Yavrunuz son zamanlar okul dönüşü eve keyifsizce gelmekte, durumu anlamak üzere sorduğumuz sorulara çekinerek ve ürkek bir ses tonunda cevaplar vermekte, okula gitmekte tereddüt ediyor veya okulla ilgili bir şeyler söylendiğinde ciddi bir telaşa kapılıyor ise başka durumları ve ihtimalleri de göz önünde bulundurmak suretiyle okulda kendi akranlarının zorbaca davranışlarına maruz kalmış olabilir.
Bu durumda mutlaka kendi evladınızla güzel bir güven bağı içerisinde size anlatacaklarından yola çıkarak kendisine tepki vermeyeceğiniz duygusunu kendisine sunarak süreci daha doğru yönetmeniz ebeveynler olarak mümkündür. “Bak benim kadar olmuşsun insanlardan korkuyorsun!”, “Bir daha senin yaşından birinden dayak yersen ben de sana hakkımı helal etmem!”, “O, senin arkadaşındır; seni döver de sever de!” gibi sakıncalı ve çocukta suçluluk, yetersizlik duygusunu geliştiren ifadeler, yavrularımızın zihninde duygusal kaosa zemin hazırladığı gibi şiddetten beslenen bir kimlik kazanmasına da sebep olabilir.

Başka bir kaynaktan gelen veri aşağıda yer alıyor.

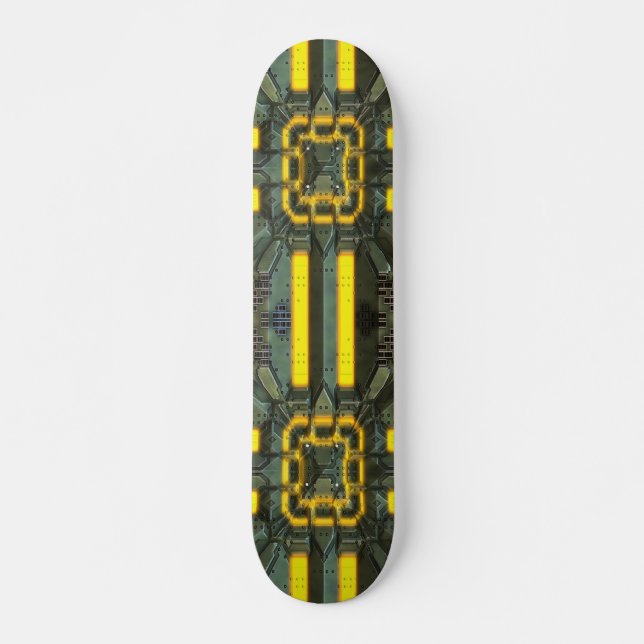 C.C.Tec 2 Skateboard (Vorne)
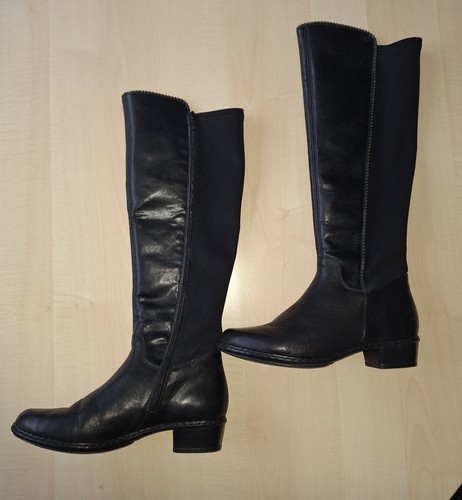 Rieker damen stiefel - rieker, damen-stiefel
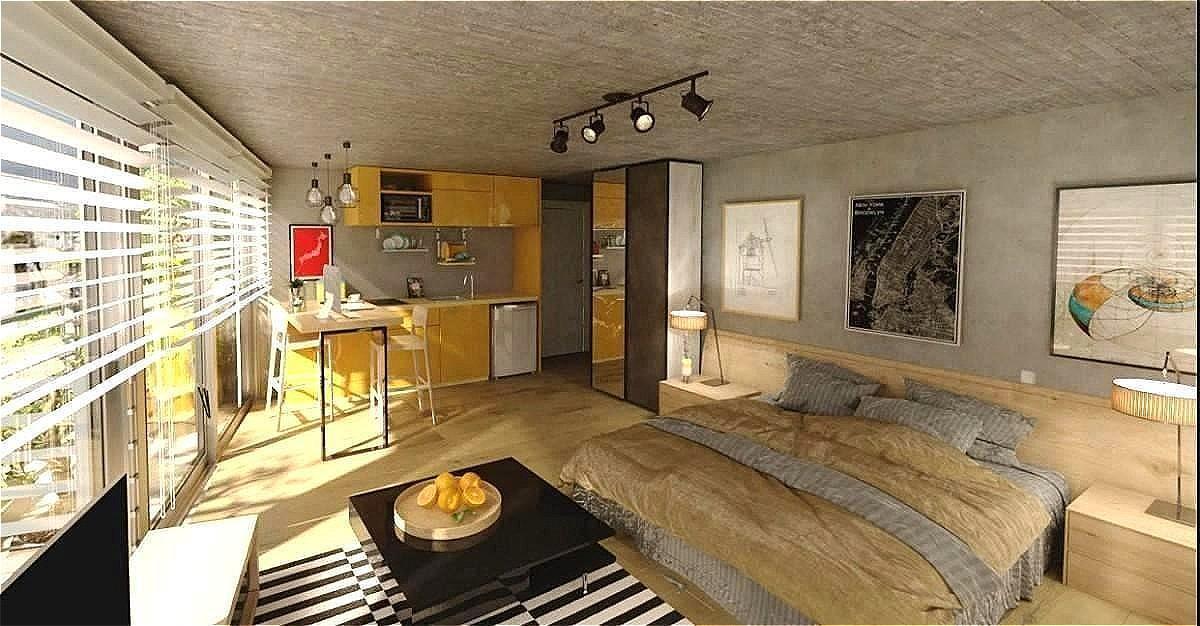 Departamentos 1 amb desde 37 m² - Esquina Billinghurst y Gorriti -Hus Palermo
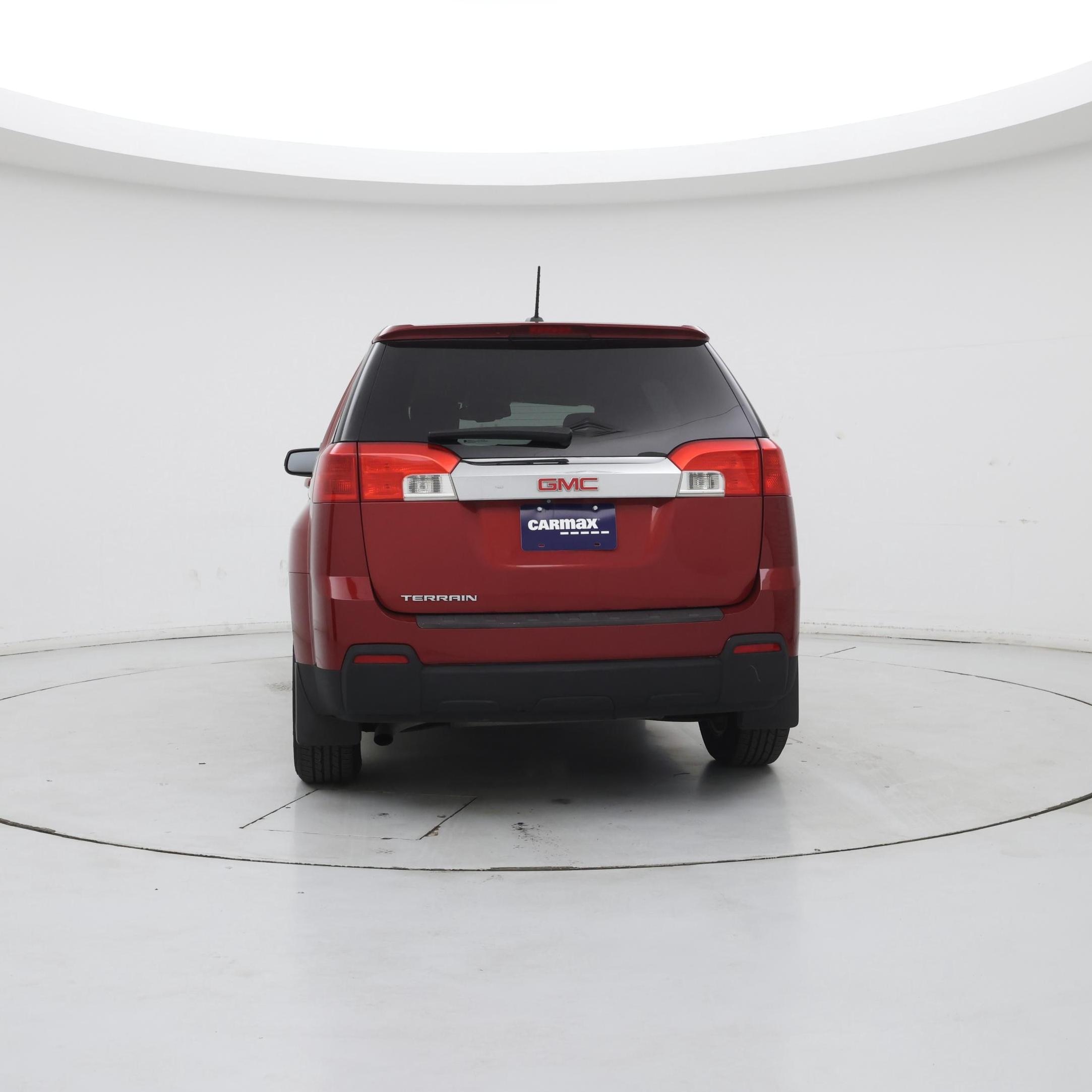 Thumbnail: 2015 GMC Terrain - 6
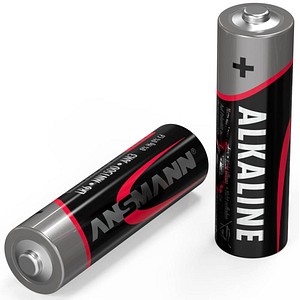 4013674005529 - Batterie Red Alkaline Mignon   LR06   AA 5015563 4013674005529 4 Stück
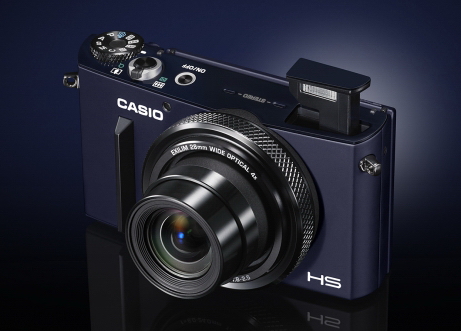 Casio přichází s profi kompaktem Exilim EX-10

Ne yapacağını bilemediği durumlarda beklentilerinize karşılık verememenin ezikliğini de yaşayabilir. Çocuklar bir sanat eseri olsaydı şüphesiz onların mimarı biz ebeveynler olurduk. Zor ve problemli çocuk yoktur; çocukların zorbaca davranmasına sebebiyet veren tutum ve davranışlarımız vardır. Çocuklarımızın zorbaca davranışları sergilemelerine veya onların bu davranışlara maruz kalmalarında bizlerin ciddi oranda etkileri olabilir. Belki doğrudan davranışlarının sebebi olmasak da ortaya çıkan zorbaca davranış veya mağduriyetin kaynaklarından biri olabiliriz. Yavrularımız, deneme yanılma yöntemi ile edindiği bazı davranışları eğer biz ebeveynlerinden de destek alıyorsa pekiştirmeleri ve bunu ileriki dönemlerde bir huy haline getirmeleri muhtemeldir. Davranışlarının en önemli kısmını anne-babaları modelleyerek kazanır. Ebeveynlerin ifadeleri, değerleri, tutumları ve davranışları, çocuklarının üzerinde çok büyük etki bırakır ve çocuğun bundan sonraki davranışlarının şeklini belirler.